In other words, as the back cover blurb for Rulers makes overly
explicit, it's the Second World War in Fantasyland.
Like the Worldwar and Colonisation series before it,
the Darkness series is not so much a genre work as a military
romance with genre trappings. The key fantastic element here is that,
instead of mechanical guns and artillery, the various proponents use
explosive bursts of magic; so, for rifles the soldiers carry enchanted
sticks, and in place of grenades they throw ensorcelled eggs. I feel
this works a lot better as a basic concept than did the central premise
of Worldwar and Colonisation -- reptilian aliens invade
the Earth during the First World War, but in order to maintain enough
of a stalemate to sustain several very large books, their military technology
(several decades behind the propulsion technology that has given them
interplanetary travel) can only extend to percussive weaponry.
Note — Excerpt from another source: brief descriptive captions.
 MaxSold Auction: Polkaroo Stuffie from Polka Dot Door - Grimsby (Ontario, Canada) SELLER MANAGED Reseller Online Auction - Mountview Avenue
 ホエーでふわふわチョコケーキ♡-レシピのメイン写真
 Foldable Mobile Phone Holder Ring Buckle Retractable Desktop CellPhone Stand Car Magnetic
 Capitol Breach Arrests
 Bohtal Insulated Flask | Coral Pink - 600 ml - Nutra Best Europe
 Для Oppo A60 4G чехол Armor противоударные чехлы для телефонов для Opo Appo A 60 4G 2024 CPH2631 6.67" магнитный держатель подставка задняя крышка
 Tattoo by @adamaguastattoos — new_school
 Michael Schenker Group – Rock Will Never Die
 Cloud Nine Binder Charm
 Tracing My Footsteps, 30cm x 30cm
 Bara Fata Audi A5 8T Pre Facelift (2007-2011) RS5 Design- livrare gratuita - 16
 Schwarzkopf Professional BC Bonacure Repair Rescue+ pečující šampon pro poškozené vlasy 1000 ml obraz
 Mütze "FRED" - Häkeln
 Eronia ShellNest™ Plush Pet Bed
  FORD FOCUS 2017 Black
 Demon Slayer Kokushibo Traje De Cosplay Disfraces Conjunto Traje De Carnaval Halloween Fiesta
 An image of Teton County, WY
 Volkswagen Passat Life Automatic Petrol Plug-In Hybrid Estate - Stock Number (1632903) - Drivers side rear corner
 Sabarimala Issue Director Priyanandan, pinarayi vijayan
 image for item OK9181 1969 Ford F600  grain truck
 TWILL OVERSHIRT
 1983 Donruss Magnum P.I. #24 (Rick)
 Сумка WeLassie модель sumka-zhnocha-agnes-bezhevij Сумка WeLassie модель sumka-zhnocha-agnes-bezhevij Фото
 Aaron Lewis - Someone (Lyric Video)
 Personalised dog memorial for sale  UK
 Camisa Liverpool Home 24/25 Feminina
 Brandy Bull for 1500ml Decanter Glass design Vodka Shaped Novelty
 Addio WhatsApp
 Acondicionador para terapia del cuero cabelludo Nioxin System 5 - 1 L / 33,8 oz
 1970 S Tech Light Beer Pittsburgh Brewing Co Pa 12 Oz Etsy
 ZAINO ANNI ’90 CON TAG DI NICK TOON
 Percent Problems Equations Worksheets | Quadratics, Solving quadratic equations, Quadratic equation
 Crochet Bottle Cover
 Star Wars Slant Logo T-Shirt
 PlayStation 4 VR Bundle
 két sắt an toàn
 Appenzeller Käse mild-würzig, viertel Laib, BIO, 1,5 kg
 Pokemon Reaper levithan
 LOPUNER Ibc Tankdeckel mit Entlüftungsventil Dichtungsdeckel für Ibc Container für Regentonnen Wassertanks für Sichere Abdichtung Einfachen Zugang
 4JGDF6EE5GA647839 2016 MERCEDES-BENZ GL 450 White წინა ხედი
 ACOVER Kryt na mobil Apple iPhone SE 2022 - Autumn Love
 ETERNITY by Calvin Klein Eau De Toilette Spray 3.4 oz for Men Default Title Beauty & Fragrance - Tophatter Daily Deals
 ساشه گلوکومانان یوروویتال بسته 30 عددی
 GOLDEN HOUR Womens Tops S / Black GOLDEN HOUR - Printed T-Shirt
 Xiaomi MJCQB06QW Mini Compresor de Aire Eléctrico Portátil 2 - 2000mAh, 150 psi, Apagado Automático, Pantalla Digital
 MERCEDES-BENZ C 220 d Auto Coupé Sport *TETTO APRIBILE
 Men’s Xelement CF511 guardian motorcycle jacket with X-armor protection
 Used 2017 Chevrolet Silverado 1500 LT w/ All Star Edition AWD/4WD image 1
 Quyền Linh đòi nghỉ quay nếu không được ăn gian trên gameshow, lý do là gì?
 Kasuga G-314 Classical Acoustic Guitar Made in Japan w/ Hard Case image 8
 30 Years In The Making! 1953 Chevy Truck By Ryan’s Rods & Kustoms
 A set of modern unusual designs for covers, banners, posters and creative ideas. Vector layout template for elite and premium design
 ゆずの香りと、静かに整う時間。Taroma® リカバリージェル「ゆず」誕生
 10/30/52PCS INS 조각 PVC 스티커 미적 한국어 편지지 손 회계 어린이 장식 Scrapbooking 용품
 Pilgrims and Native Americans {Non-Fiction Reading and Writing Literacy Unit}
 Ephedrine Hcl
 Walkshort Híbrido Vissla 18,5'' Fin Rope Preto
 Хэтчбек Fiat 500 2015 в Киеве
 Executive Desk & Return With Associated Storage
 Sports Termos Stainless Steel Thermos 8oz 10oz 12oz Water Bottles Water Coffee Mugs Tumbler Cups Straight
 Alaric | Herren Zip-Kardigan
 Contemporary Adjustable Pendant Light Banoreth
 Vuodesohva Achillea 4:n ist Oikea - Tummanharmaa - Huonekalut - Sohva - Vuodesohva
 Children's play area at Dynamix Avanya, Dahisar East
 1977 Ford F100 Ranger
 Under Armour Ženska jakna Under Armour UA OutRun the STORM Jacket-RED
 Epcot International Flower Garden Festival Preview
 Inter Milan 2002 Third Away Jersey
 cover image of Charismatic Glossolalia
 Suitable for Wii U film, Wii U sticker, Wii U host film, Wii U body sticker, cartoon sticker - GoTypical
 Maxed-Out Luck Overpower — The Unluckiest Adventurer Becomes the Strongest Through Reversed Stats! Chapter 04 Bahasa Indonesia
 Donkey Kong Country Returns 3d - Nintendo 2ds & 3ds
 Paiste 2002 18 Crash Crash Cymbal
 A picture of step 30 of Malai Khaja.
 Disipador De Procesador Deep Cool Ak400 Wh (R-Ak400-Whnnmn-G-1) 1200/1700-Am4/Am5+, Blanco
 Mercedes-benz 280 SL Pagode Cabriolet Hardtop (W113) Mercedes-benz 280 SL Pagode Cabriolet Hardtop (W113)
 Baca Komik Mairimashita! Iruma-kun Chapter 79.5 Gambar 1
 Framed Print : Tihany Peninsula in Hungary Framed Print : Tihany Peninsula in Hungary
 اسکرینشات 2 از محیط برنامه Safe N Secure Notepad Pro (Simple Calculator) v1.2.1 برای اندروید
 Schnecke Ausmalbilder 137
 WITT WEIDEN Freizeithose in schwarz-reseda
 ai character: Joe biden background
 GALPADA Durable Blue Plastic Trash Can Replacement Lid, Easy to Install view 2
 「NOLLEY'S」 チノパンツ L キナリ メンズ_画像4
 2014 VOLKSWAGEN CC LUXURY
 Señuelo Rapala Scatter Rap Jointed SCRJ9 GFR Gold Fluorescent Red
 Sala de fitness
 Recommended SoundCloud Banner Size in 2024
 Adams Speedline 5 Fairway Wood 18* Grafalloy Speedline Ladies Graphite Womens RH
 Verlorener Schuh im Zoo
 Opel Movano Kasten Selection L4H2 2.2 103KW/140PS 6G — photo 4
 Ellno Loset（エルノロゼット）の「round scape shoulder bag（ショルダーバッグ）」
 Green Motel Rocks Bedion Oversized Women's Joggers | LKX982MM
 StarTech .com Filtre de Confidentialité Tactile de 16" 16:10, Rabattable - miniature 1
Here
at least the fantastic concept is universally applied, and this does
wonders for the fiction's cohesion and believability.
I'm not sure, however, what to make of a book whose author feels it
necessary to provide six pages of "Dramatis Personae". The obvious implication
is that I'll forget who they all are unless I'm reminded, but is this
because as characters they're forgettable, or because there's just too
damned many of them? In truth it's a bit of both. The multiplicity of
viewpoint characters in the Darkness novels, as in other Turtledove
sagas, is their strength and their weakness: rather than the more partisan
picture one might get from a story with only one or two narrative voices,
these books offer the reader an all-round composite image of the situation
through the eyes of officers, footsoldiers and civilians of each culture
involved; however, this admirable effort to present "the whole picture"
is offset somewhat by the resultant narrative inconsistency. Turtledove
hasn't pared down his cast list to a handful of clear protagonists,
and so I found myself doing just that, as it were, on his behalf. Without
a doubt the most easily skimmed sections are those that feature the
manoeuvres of the various
armies. Another ambush, another dragon-back bombing run. Oh, another
skirmish. Another village invaded. Another ambush. Very quickly the
assaults and retreats become repetitive, and the soldiers indistinguishable,
and this is quite a failing in a saga whose primary focus is the War.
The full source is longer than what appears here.